HowManyRegistersShouldAnX86_64CPUHave

This is hypothetical complement to https://blog.yossarian.net/2020/11/30/How-many-registers-does-an-x86-64-cpu-have, which I enjoyed more than is probably good for me. That article looks at all the weird edge cases in a modern x86-64 CPU’s registers. x86-64 in general is a classic example of incremental bloat, so I’m curious to take the same data, the same article structure, and try to chop it down to what you might get if you could re-do basically the same design from scratch. Note I’m no CPU designer, and a mediocre assembly programmer at the very best, but it’s fun to toy with ideas. Most of my info is coming from the aforementioned article.

Last updated Nov 30, 2020

General-purpose registers

We have 16 GPR’s, but they grew out of fewer, smaller, different registers so they’re addressed as a giant pile of special cases. That’s silly, we only need 16 registers and instructions to extract the bits of them we want.

Current registers in this group: 68

Revised registers in this group: 16

Running revised total: 16

Special registers

The instruction pointers and flags registers are similarly broken down into weird sub-registers. We don’t need that, just IP and FLAGS.

Current registers in this group: 4

Revised registers in this group: 2

Running revised total: 18

Segment registers

Ah, time for the great sin of x86, its wacky segment handling. There’s six segment registers, and in long mode (which is all we care about anymore) AMD and Intel have done their best to make them useless and irrelevant, but you still need to have them. Despite the flat address space, I think segment registers are still occasionally used for certain things such as making address spaces for thread-local variables? For now let’s just pretend that we don’t need them. FS and GS are subsumed by model-specific registers FSBASE and GSBASE.
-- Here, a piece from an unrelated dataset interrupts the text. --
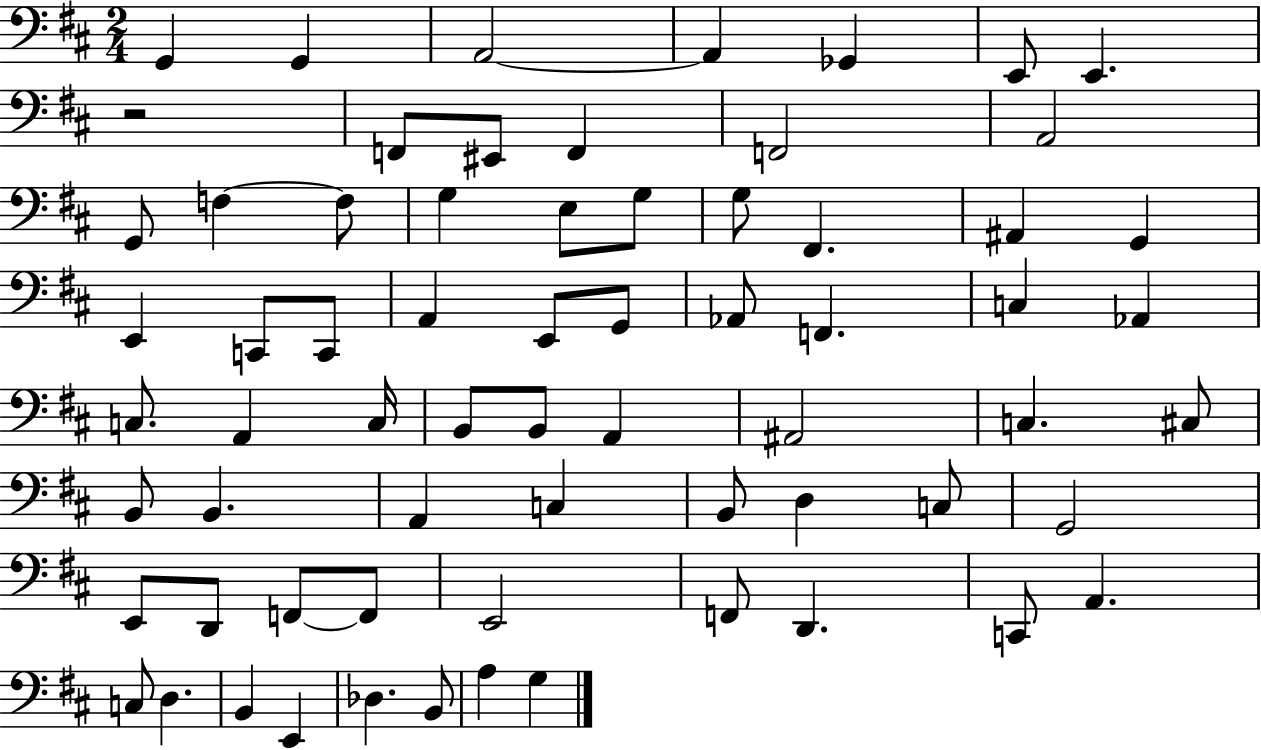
G2/q G2/q A2/h A2/q Gb2/q E2/e E2/q. R/h F2/e EIS2/e F2/q F2/h A2/h G2/e F3/q F3/e G3/q E3/e G3/e G3/e F#2/q. A#2/q G2/q E2/q C2/e C2/e A2/q E2/e G2/e Ab2/e F2/q. C3/q Ab2/q C3/e. A2/q C3/s B2/e B2/e A2/q A#2/h C3/q. C#3/e B2/e B2/q. A2/q C3/q B2/e D3/q C3/e G2/h E2/e D2/e F2/e F2/e E2/h F2/e D2/q. C2/e A2/q. C3/e D3/q. B2/q E2/q Db3/q. B2/e A3/q G3/q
Current registers in this group: 6

Revised registers in this group: 0

Running revised total: 18

SIMD and FP registers

Like the original article, let’s do them in order: x87, MMX, SSE, AVX

x87

The x86-64 standard requires us to have SSE2 at least, which basically means x87 is obsolete. You never need to touch it.

Current registers in this group: 13

Revised registers in this group: 0

Running revised total: 18

MMX

The relationship between SSE and MMX is kinda weird, and I don’t understand it very well, so pardon any inaccuracies here. I think their feature sets overlap to some extent and MMX code is still occasionally used today(???), but MMX uses (part of) the x87 registers and SSE defines its own register set.
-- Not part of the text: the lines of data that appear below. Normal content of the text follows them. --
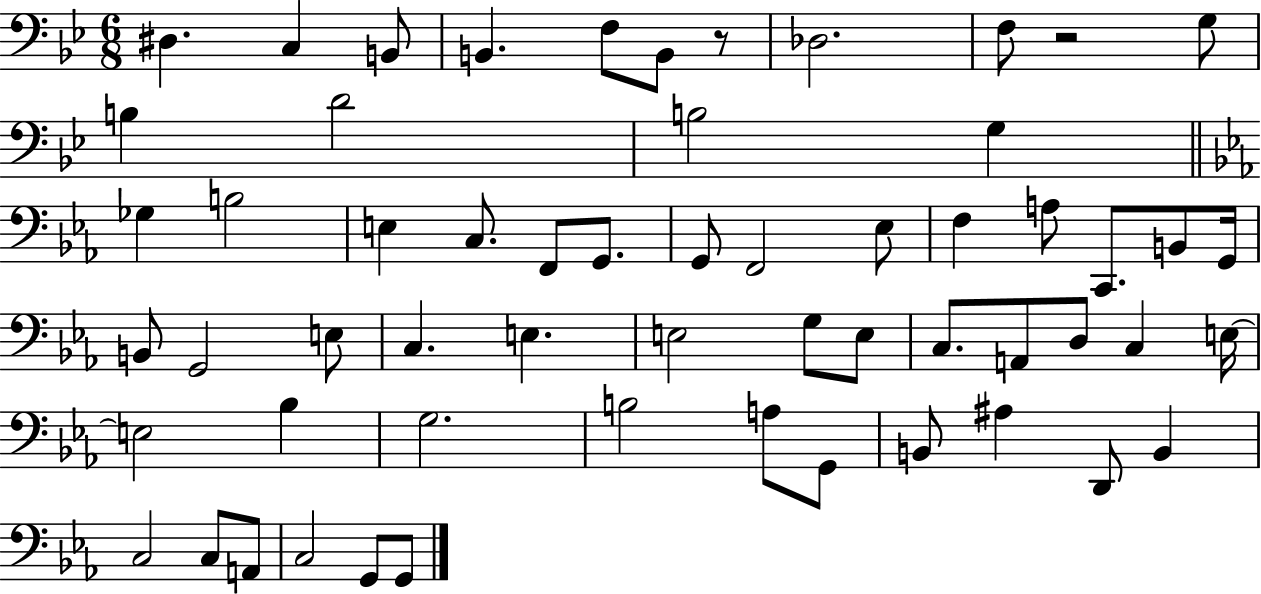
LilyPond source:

{
  \clef bass
  \numericTimeSignature
  \time 6/8
  \key bes \major
  \repeat volta 2 { dis4. c4 b,8 | b,4. f8 b,8 r8 | des2. | f8 r2 g8 | \break b4 d'2 | b2 g4 | \bar "||" \break \key ees \major ges4 b2 | e4 c8. f,8 g,8. | g,8 f,2 ees8 | f4 a8 c,8. b,8 g,16 | \break b,8 g,2 e8 | c4. e4. | e2 g8 e8 | c8. a,8 d8 c4 e16~~ | \break e2 bes4 | g2. | b2 a8 g,8 | b,8 ais4 d,8 b,4 | \break c2 c8 a,8 | c2 g,8 g,8 | } \bar "|."
}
I think that it’s pretty safe to say we should just have one SIMD register set, and have all our SIMD instructions able to operate on it. All our SIMD instructions should also use the same status registers and such. So, for MMX specifically, we need no new registers.
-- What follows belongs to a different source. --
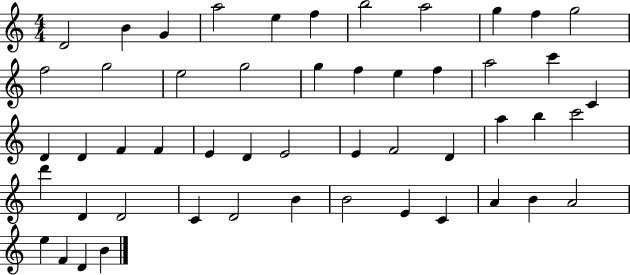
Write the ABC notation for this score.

Current registers in this group: 9

Revised registers in this group: 0

Running revised total: 18

SSE+AVX

x86-64 has 32 SIMD registers. Like the general purpose registers, they’re each made of multiple overlapping registers of different widths, and are apparently considered entirely different in the instruction encoding. So, all we really need is 32 SIMD registers and instructions with flexible addressing.

Maybe we need a SIMD status or flag register somewhere? I’ll assume there’s space for it in the CPU FLAGS register, I suppose.

Current registers in this group: 96

Revised registers in this group: 32

Running revised total: 50

Bounds registers

The original article says we don’t need these, and I see no reason to disagree.

Current registers in this group: 7

Revised registers in this group: 0

Running revised total: 50

Debug registers

These look reasonable the way they are. I think that’s a first.

Current registers in this group: 6

Revised registers in this group: 6

Running revised total: 56

Control registers

I don’t know what most of these are used for, though some of them are used for OS-ish things like interrupts and setting up protected/long mode. So while we might be able to ditch one or two of them if we really tried, for now I’ll just accept them as they are.

Current registers in this group: 6

Revised registers in this group: 6

Running revised total: 62

System table pointer registers

These are annoying and full of old-fashioned state for things like segments, real-mode emulation and such. But they also do things that are still important: Tell the CPU what its memory layout looks like when it goes to and from system calls, interrupts, and task switches. So like the control registers, we might be able to get rid of one or two of them but I’ll be conservative and keep them as they are. You can find some more info on how they work on the OSDev Wiki.

Current registers in this group: 4

Revised registers in this group: 4

Running revised total: 66

Memory-type-ranger registers

Never heard of these before. Apparently most other people haven’t, either. We’ll ignore ’em.

Current registers in this group: ?

Revised registers in this group: 0

Running revised total: 66

Model specific registers

MSR’s basically occupy a 32-bit address space, as far as I can tell. There’s apparently 400 of them currently defined, and I know the function of three of them: there’s a couple that tell the OS kernel where to go on syscall/sysret instructions, and one that gives information about the APIC interrupt controller. So it’s safe to say they’re Important, and there’s bound to be a big pile of obselete junk in there, but I’m not going to spend the time to sort out.

So, I’m going to take a vague guess. Judging from this list so far, x86-64 has about 3x as many registers as it needs. So it’s probably a vaguely reasonable assumption that holds true for MSR’s. There’s apparently over 400 (documented) MSR’s, so let’s round it down to a nice number like 128. 128 MSR’s Should Be Enough For Anyone, right?

A more accurate count of which MSR’s are actually useful is left as an exercise to the reader.

Current registers in this group: 400+

Revised registers in this group: 128

Running revised total: 194

Conclusion

From this brief glance, to make something Kinda Like x86-64, you probably need 200ish registers, and things that aren’t operating systems only actually need to care about maybe 50 of them. The running total of actual registers was counted at 619+, and applications probably need to care about 150-180 of them. About 100 of those, however, are overlapping general-purpose and SIMD registers, which IMO are not a particularly nice design but also aren’t hard to understand or use. So the ugly design and the nice design are within a factor of 2-3x of the size of each other, both in overall and user-facing surface.

Cruft tends to accumulate in corners and edges where it’s ugly, but is also mostly harmless. x86-64 is ugly as sin, but the ugliest places are hidden by the operating system and in old modes that are used rarely or only by old applications. So I sure won’t make any apologies for it, but it works. RISC-V is certainly nicer, but give it 40 years of continuous development and I bet it’ll collect a decent share of warts. ARM sure has.